In September 2024, GSA announced it would standardize a Building Automation System solution enterprise-wide, describing the move as a major step toward vulnerability mitigation and reducing cybersecurity risks associated with BAS hardware and software solutions. The agency stated that an enterprise-wide BAS solution would streamline software and hardware across its inventory for all new BAS installations and major modernizations of existing BAS, streamline operations and maintenance contract support, and minimize training requirements by reducing the number of different systems across the portfolio.

On the protocol side, GSA's Building Technologies Technical Reference Guide (BTTRG) Version 3.0, published in May 2024, requires that building mechanical controls use native BACnet protocol, the open communication standard maintained by ASHRAE. The guide bars devices incapable of IPv6 connectivity when connected directly to the GSA enterprise network, and as of July 2023, IPv4 is no longer permitted for new projects or assessments. Controllers that cannot support compliance hardening and monthly OS patching are explicitly excluded.

Systems and devices on the Building Smart Network (BSN) are assessed and authorized based on NIST Special Publication 800-53 Rev. 5 and NIST SP 800-213A, the IoT Device Cybersecurity Requirement Catalog, and BSN servers have been issued a FISMA Moderate Authority to Operate (ATO).

At the contractor level, on January 5, 2026, GSA released Revision 1 of its IT Security Procedural Guide for protecting Controlled Unclassified Information (CUI) in nonfederal systems, mandating implementation of NIST SP 800-171 Revision 3 and select requirements from draft NIST SP 800-172 Rev 3 - making GSA among the first federal agencies to require SP 800-171 Rev 3 for contractor CUI environments. The guide includes nine pre-approval "showstopper" requirements, a one-hour incident reporting window for suspected or confirmed CUI incidents, and a requirement for independent third-party assessors to verify compliance, with systems reevaluated every three years.

For secure remote access, multi-factor authentication (MFA) is mandatory for every user account in scope, and for remote access MFA must be phishing-resistant, prohibiting email-based one-time passwords and restricting SMS. Contractors must also implement network segmentation to control communications traffic involving covered systems.

The GSA Smart Buildings order further mandates that agencies promote interoperability between devices through open protocol systems with the objective of converging normalized data on at least a facility-wide tool, and protect against threats through cyber supply chain risk management (C-SCRM) principles.

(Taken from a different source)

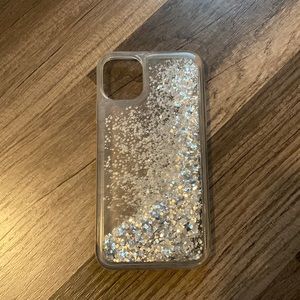 Clear, silver sequin flowing iPhone 11 case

GSA's market research indicated that the standardized enterprise BAS solution is sold and serviced by nearly every major BAS manufacturer, as well as BAS service providers and vendors of all sizes, and that both large manufacturers and small business integrators can compete under the enterprise standard.

Outlook

The expansion of these mandates into active procurement language is already affecting vendor eligibility. According to legal analysis published in early 2026, GSA's rollout of its own cybersecurity verification procedure signals that contractors should no longer expect a standardized government-wide certification process and must instead prepare for agency-specific compliance requirements. The divergence between GSA's SP 800-171 Rev 3 requirements and those of other departments could pose interoperability challenges for BAS integrators serving multiple agency clients. Industry observers expect the GSA framework - combining open BACnet protocols, standardized data tagging based on Project Haystack, FISMA-grade authorization, and stringent contractor cybersecurity verification - to establish a procurement template that private-sector building owners and facility managers will increasingly reference when specifying OT cybersecurity requirements in their own BAS projects.